(DATA FOR THIS TASK begins)

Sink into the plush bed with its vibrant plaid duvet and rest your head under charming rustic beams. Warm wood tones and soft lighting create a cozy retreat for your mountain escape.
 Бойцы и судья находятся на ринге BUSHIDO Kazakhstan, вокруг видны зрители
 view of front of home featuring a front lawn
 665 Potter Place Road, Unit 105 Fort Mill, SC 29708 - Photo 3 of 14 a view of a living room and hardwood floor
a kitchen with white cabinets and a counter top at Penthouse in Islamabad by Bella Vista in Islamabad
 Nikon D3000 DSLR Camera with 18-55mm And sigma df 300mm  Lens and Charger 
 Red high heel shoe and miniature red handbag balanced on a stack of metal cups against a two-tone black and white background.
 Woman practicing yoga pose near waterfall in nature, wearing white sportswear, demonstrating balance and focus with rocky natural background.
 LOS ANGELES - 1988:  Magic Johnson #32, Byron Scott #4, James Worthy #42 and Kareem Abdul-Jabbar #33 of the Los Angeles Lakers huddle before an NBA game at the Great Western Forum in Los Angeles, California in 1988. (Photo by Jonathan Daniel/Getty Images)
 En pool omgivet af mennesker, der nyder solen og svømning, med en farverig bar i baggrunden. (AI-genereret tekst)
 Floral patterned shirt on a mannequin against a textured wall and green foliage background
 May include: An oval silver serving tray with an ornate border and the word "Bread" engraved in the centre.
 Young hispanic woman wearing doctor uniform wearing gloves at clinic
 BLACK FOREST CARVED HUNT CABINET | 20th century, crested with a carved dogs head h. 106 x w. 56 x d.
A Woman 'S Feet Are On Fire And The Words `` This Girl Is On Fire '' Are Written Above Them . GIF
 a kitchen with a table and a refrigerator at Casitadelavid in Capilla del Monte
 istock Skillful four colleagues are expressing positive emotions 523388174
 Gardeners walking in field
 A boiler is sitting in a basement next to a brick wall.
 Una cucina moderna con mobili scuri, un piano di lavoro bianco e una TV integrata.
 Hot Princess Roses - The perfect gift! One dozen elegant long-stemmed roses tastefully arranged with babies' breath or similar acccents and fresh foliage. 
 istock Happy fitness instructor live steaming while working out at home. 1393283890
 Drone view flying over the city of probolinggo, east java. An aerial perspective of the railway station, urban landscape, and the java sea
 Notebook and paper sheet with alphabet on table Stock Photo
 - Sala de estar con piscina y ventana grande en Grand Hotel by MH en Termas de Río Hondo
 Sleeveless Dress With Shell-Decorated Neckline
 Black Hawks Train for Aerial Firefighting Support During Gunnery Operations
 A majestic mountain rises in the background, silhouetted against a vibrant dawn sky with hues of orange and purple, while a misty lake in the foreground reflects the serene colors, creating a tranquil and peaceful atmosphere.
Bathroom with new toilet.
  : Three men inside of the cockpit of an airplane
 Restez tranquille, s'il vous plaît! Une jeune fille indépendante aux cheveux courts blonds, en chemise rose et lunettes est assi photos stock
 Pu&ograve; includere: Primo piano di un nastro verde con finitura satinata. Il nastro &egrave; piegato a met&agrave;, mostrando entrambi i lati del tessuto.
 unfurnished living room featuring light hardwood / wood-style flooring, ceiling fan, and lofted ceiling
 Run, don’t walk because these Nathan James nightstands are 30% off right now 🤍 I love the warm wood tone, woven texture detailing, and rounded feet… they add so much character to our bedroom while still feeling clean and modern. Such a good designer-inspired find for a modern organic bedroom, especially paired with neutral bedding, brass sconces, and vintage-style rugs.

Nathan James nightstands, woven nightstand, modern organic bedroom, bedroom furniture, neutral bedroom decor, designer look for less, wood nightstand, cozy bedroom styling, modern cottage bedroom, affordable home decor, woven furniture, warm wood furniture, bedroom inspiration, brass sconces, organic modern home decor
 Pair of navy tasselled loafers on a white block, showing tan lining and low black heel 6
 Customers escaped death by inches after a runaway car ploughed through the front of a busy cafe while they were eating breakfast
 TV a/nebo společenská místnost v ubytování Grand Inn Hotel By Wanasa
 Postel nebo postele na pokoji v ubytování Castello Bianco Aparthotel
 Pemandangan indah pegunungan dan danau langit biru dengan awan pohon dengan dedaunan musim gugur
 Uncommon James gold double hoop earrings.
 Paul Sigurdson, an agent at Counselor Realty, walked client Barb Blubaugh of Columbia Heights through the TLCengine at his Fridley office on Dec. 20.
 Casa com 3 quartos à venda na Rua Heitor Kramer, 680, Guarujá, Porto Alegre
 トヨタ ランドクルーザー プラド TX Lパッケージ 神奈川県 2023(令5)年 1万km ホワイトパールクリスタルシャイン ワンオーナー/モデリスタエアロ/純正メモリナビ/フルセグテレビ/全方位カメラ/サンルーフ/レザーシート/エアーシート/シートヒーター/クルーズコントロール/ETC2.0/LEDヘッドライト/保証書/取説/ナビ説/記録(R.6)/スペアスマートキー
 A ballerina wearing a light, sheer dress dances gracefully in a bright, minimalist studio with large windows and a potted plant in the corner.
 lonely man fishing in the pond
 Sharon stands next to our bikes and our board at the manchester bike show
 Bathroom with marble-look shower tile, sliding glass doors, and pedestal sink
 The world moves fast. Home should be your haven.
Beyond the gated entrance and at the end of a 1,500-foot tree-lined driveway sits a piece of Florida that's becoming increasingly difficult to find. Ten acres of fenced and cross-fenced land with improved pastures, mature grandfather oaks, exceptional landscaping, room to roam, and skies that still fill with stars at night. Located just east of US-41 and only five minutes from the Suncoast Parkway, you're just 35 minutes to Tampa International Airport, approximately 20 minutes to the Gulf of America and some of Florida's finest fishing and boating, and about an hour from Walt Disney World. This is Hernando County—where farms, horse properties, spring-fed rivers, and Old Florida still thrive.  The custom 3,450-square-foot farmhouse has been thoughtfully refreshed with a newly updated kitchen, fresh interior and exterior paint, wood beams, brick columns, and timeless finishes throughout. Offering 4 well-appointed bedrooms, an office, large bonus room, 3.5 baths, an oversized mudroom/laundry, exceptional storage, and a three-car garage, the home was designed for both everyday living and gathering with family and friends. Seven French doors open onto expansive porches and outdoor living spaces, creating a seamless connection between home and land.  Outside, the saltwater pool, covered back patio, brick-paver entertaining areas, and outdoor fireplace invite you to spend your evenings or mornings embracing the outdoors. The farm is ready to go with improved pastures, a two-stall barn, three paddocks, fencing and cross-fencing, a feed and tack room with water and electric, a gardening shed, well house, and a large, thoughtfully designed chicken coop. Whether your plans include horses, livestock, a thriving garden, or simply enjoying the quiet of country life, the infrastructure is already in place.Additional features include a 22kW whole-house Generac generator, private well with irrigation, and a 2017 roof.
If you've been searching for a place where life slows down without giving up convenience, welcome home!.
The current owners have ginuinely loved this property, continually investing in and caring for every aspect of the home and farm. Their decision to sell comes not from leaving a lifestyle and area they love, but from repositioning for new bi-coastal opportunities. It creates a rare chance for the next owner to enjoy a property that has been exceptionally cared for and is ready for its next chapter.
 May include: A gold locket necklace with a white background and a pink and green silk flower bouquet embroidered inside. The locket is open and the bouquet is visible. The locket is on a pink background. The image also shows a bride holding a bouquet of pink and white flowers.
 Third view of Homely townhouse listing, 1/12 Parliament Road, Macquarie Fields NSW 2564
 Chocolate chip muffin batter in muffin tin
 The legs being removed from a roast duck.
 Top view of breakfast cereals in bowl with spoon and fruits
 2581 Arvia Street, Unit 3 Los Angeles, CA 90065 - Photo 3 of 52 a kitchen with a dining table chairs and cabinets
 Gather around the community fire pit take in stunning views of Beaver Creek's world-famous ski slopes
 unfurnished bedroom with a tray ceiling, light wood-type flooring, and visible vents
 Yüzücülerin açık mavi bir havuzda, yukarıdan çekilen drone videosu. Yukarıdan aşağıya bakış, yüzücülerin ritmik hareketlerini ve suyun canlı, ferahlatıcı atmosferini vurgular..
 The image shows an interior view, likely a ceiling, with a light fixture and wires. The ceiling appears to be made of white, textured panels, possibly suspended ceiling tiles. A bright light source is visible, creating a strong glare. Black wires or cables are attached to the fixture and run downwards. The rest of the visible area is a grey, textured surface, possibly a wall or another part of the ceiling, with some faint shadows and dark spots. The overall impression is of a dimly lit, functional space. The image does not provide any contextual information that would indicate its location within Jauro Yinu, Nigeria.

(DATA FOR THIS TASK ends)

- _YOUR ASSIGNMENT_
Retype exactly the lines of the data above that fall between the line with "Postel nebo postele" and the line with "トヨタ ランドクルーザー プラド", inclusive, and add nothing.

- _WORKED SOLUTION_
 Postel nebo postele na pokoji v ubytování Castello Bianco Aparthotel
 Pemandangan indah pegunungan dan danau langit biru dengan awan pohon dengan dedaunan musim gugur
 Uncommon James gold double hoop earrings.
 Paul Sigurdson, an agent at Counselor Realty, walked client Barb Blubaugh of Columbia Heights through the TLCengine at his Fridley office on Dec. 20.
 Casa com 3 quartos à venda na Rua Heitor Kramer, 680, Guarujá, Porto Alegre
 トヨタ ランドクルーザー プラド TX Lパッケージ 神奈川県 2023(令5)年 1万km ホワイトパールクリスタルシャイン ワンオーナー/モデリスタエアロ/純正メモリナビ/フルセグテレビ/全方位カメラ/サンルーフ/レザーシート/エアーシート/シートヒーター/クルーズコントロール/ETC2.0/LEDヘッドライト/保証書/取説/ナビ説/記録(R.6)/スペアスマートキー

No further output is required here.